For her part, Scriberspoint’s Belle Lapa said certain parts of a transcriptionist’s job have indeed been made easier by technology. “Foot pedals have replaced keyboard shortcuts and voice-recognition tools and software are able to capture speech and turn them into text, with varying degrees of accuracy,” according to Belle.
Belle is optimistic that speech-to-text technology can only get better with time. She said they now use “a very good dictionary,” glossary, and database tools, which help them in subjects like legal and medical where terms are highly specialized.

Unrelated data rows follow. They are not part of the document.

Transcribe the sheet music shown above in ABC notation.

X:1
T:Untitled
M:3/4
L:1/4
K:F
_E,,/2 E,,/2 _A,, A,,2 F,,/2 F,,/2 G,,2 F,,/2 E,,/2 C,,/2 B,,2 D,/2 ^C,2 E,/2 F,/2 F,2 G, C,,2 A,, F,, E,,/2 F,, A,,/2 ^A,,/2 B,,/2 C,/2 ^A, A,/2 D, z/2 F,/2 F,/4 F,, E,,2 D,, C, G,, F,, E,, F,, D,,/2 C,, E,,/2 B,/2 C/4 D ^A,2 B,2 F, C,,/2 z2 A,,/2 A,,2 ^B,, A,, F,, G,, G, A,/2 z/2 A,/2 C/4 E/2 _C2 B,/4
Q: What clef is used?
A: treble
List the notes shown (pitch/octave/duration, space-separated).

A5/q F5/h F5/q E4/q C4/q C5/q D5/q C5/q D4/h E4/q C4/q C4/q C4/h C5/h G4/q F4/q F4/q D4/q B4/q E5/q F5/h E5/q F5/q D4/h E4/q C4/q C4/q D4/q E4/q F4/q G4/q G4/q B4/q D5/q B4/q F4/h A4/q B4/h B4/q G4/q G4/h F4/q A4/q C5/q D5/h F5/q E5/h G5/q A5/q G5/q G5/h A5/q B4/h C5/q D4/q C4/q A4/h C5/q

The Scriberspoint founder, who is based in the Philippines, benefitted greatly from what she described as “the last big boom in transcription” when the US required subtitles for the hearing impaired. Since then “the number of clients and their transcription needs have remained stable or moving upward, never downward.”
She regards India as their greatest competitor, “if only because of the cheaper rates they charge,” but said she is not worried, for now, about running out of clients.

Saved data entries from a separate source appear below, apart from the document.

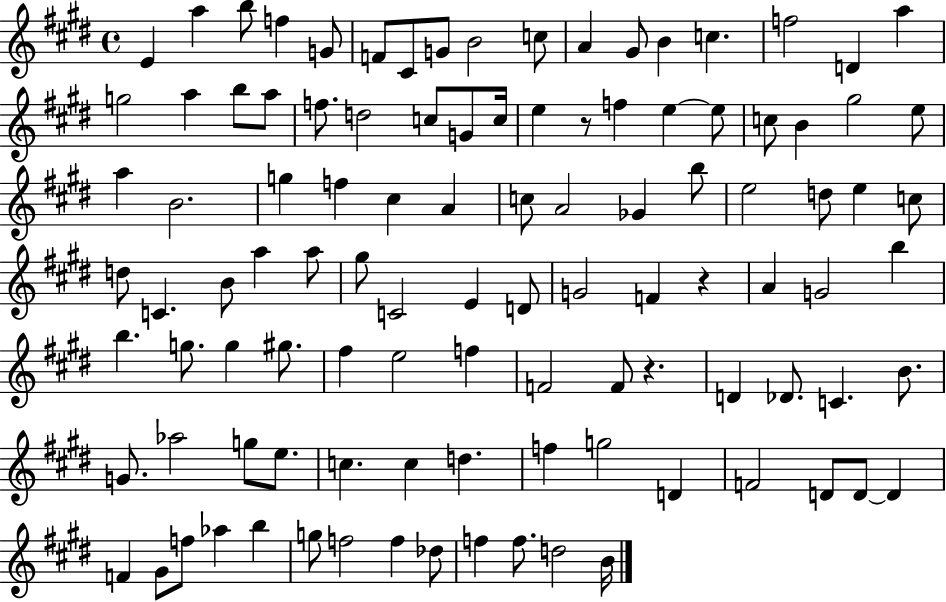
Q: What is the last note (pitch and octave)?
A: B4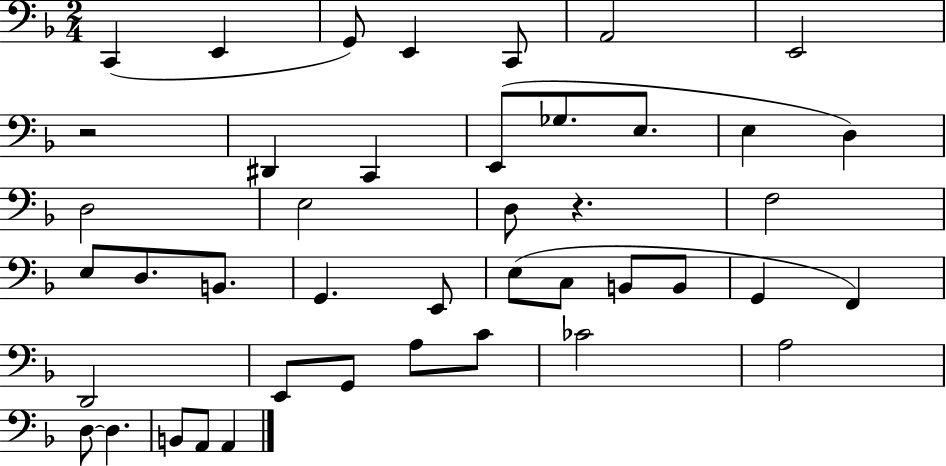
X:1
T:Untitled
M:2/4
L:1/4
K:F
C,, E,, G,,/2 E,, C,,/2 A,,2 E,,2 z2 ^D,, C,, E,,/2 _G,/2 E,/2 E, D, D,2 E,2 D,/2 z F,2 E,/2 D,/2 B,,/2 G,, E,,/2 E,/2 C,/2 B,,/2 B,,/2 G,, F,, D,,2 E,,/2 G,,/2 A,/2 C/2 _C2 A,2 D,/2 D, B,,/2 A,,/2 A,,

Not so optimistic is “Carla” [last name withheld on request], who is also based in the Philippines and is now a content editor at a financial intelligence firm. Looking at the transcription industry from a distance, having left it “for a while now,” she would not call it “a hot market.”
She said, “Transcribing through typing is increasingly being replaced by voice transcription or captioning,” and sees technology replacing human transcription first taking place in captioning, subtitling, news, and medical.
Carla added, however, that if it involves voice transcription with near real-time editing, then there will be reasonable opportunities in financial, legal, and medical.
Transcribing through typing is increasingly being replaced by voice transcription or captioning
As for competitor India, she said the country may offer cheaper labor and tech, but “the Philippines would be in the higher tier if you were to factor in English listening skills, acquired typing skills, and adaptability.”
Prices Dropping
Much less optimistic is Noriel Ramientas II, who recalled that when he started doing home-based transcription, part-time, in February 2012, “everything was good — the pay was good, projects kept coming in, it was all just peachy. Since March 2015 though that hasn’t been the case.”
Fewer projects came in, he said, and the pay had reached a ceiling of USD 35 per audio hour, compared to five years ago when one could charge as high as USD 50 for the same audio length.
“I don’t mean to burst anyone’s bubble but I don’t think the transcription market — at least as far as home-based transcriptionists are concerned — is growing. That’s why I haven’t been doing it for more than a year now,” said Noriel.
He described other online jobs (blogging, virtual assistance, bookkeeping) as more readily available and higher paying, and the demand for transcriptionists, diminishing, “as more people, most notably those from India, flock to online job marketplaces like Upwork and Guru.”
As for tech replacing humans, Noriel’s view was pretty simple. He said it is just a tool. “Tools never function on their own. Someone sentient must put a tool to use before it is deemed useful.”
The experts seem to agree, especially as far as speech recognition technology and other transcription tools go. Although Dragon founder James Baker once said large vocabulary speech recognition was a solvable problem within his lifetime, more recently, Gerald Friedland said, “We used to joke that, depending who [sic] you ask, speech recognition is either solved or impossible. The truth is somewhere in between.”
Friedland, Audio and Multimedia Research Director at the UC Berkeley-affiliated International Computer Science Institute, was quoted in an April 2016 Wired article, called Why Our Crazy AI Still Sucks at Transcribing Speech.
Similar technological forces drive transcription and translation. And the lessons that transcription holds for translation are not new: Go niche, specialize, and embrace technology to increase productivity.